The Cleveland Orchestra and the Cleveland Orchestra Chorus, the Cleveland Orchestra Children’s Chorus, members of the Cleveland State University Chorale, and members of the Cleveland Orchestra Youth Chorus, Robert Porco (Conductor, December 10 through 18), James Feddeck (Conductor, December 19)

The Cleveland orchestra & Chorus (© R. Mastroianni)

A long-standing tradition, the Cleveland Orchestra fills Severance Hall for these performances with concert goers of all generations- the littlest ones in their holiday dress clothes holding tightly to their grandparents' hands as they climb the stairs to the main floor. The lovely Christmas trees in the staircases and lobby are echoed by the huge ornaments hung across the top of the proscenium and the “stained glass” Christmas tree and Snowman affixed in the tiny balconies overlooking the sides of the stage.

The concert opened on a quiet note with “O Come, Emmanuel”, lights coming up from a total black-out as the bells were struck. Harmonies were tight and the chorus held its own with the full orchestra, but as they moved into “Ding, Dong! Merrily on High” and some of the other carols which utilized both chorus and orchestra, it was evident that Mr. Porco was more at home dealing with the vocal section and the instrumentalists reverted to full volume, rendering the voices lost in the mix.

The Cleveland Orchestra, one of the finest in the world, has some excellent musicians, and the string and woodwind sections were spot on this evening. Although the brass section was featured on one carol and had several solos on others, the trumpets just couldn’t seem to get it right, pinching and often hitting very loud and evident wrong notes.

Maestro Porco has a delightful way of involving the audience in the performance, explaining the history of the piece, composer or arranger, or inviting people to sing a solo line or join in the group sing alongs. He chose two rare songs, Sussex Carol in a wonderful arrangement and The Wexford Carol from Ireland. The latter featured local baritone Brian Keith Johnson, whose voice, unfortunately, wasn’t large enough to project over the orchestra, but which had Mary Kay Fink, the noted piccolo player, playing the Irish Whistle. Ms.Fink’s playing was spectacular, with a haunting, mystical sound that soared out into the hall, making a lengthy piece seem all too brief.

The first half of the concert ended with the “Hallelujah” Chorus from Handel’s Messiah, the audience jumping to its feet at the first notes, following the tradition set by Britain’s King George VI.

Part two opened with the Overture to Die Fledermaus where the strings were lovely and bright, the percussion section excelled and which featured solos by the oboe, flute and bassoon, all of which were perfection.

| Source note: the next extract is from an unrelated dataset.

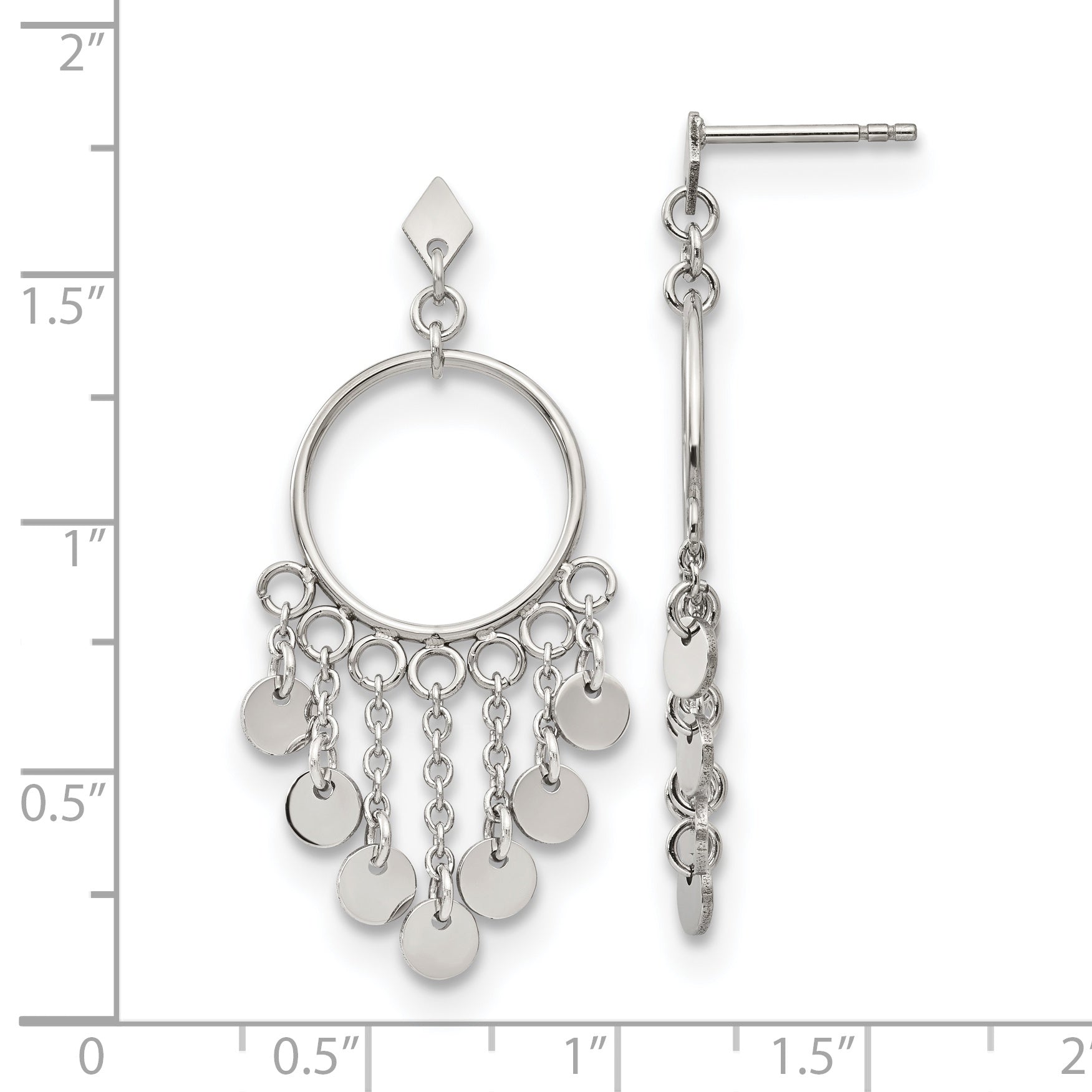 Polished Post Dangle Earrings in Stainless Steel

In a different vein was ‘Twas the Night Before Christmas, the traditional poem by Clement Moore, set to music by Randol Alan Bass. It was narrated by Reuben and Dorothy Silver, who have had a long professional relationship with the Cleveland Orchestra, serving as co-narrators and script writers for the educational concerts among other things. This section was lovely, the Silver’s bringing the words to life and the orchestra supporting and swelling around them.

A surprise visitor interrupted the set: Santa Claus strolled down the aisle to have a chat with Maestro Porco, cracking jokes about the absent LeBron James (guess WHO will be getting a load of coal in his Christmas stocking courtesy of the Cleveland fans?!), “elf care”, Wiki Leaks, Bristol Palin and Glee, the TV show. This led into The Twelve Days of Christmas, in which audience members were invited to step to the microphone and have a solo go at singing the “five gold rings” line. Most of the intrepid souls were terrible and Mr. Porco let them know it, but two members of the North Coast Chorus did their group proud and garnered a round of applause for their efforts!

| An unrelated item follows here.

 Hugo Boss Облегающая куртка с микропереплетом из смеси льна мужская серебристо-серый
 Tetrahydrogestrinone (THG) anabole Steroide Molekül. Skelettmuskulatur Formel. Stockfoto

Throughout the concert, the people running the light board gave us a visual treat, washing the stage in colors of blue, red or green and projecting everything from holly leaves and bells to falling snow on walls surrounding the orchestra and chorus. It was well planned, well timed and exceptionally lovely.

It’s easy to understand why so many hands were raised when the question “How many of you have been to our Christmas Concerts before?” was asked. Severance Hall is filled for all nine of the concerts, with the Children’s Chorus also performing at two of the weekend matinees.

Well trained choruses and a world-class orchestra were just the gift I needed to put me in the holiday mood!